Write out, without any change, the lines in the material below that run from the line with "Könnte beinhalten: Drei" through the line with "Modern kitchen with", both included.

─── SOURCE DATA ───

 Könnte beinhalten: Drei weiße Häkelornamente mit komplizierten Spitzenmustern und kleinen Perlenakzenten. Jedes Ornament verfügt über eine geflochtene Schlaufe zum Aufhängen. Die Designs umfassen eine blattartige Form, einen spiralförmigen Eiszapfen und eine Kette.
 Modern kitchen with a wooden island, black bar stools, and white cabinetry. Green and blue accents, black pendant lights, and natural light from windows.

───
─── SOURCE DATA ───

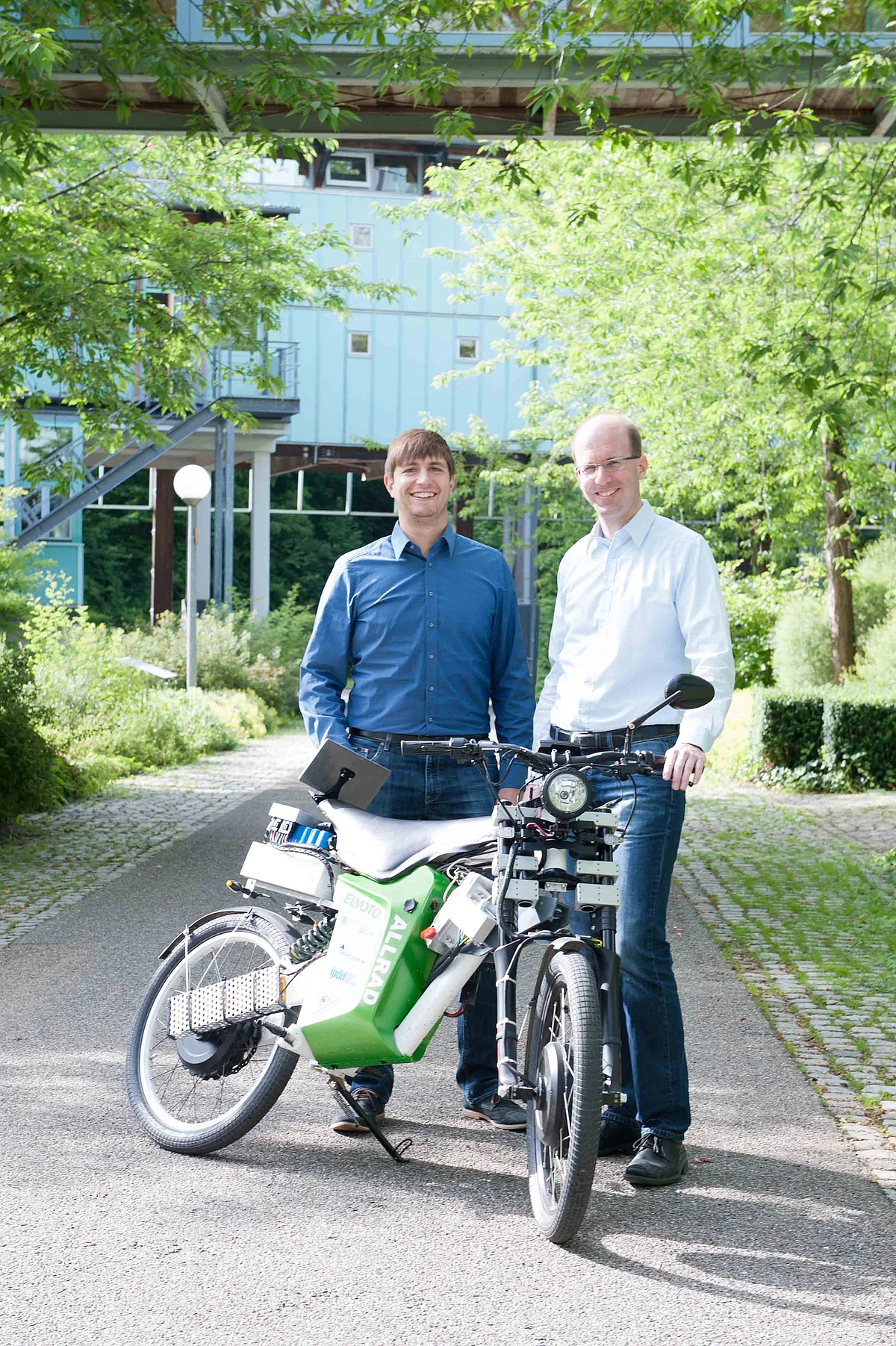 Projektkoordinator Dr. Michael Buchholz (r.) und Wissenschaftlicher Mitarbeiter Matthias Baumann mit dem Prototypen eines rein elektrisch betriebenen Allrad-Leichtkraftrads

───

> TASK OUTPUT
 Könnte beinhalten: Drei weiße Häkelornamente mit komplizierten Spitzenmustern und kleinen Perlenakzenten. Jedes Ornament verfügt über eine geflochtene Schlaufe zum Aufhängen. Die Designs umfassen eine blattartige Form, einen spiralförmigen Eiszapfen und eine Kette.
 Modern kitchen with a wooden island, black bar stools, and white cabinetry. Green and blue accents, black pendant lights, and natural light from windows.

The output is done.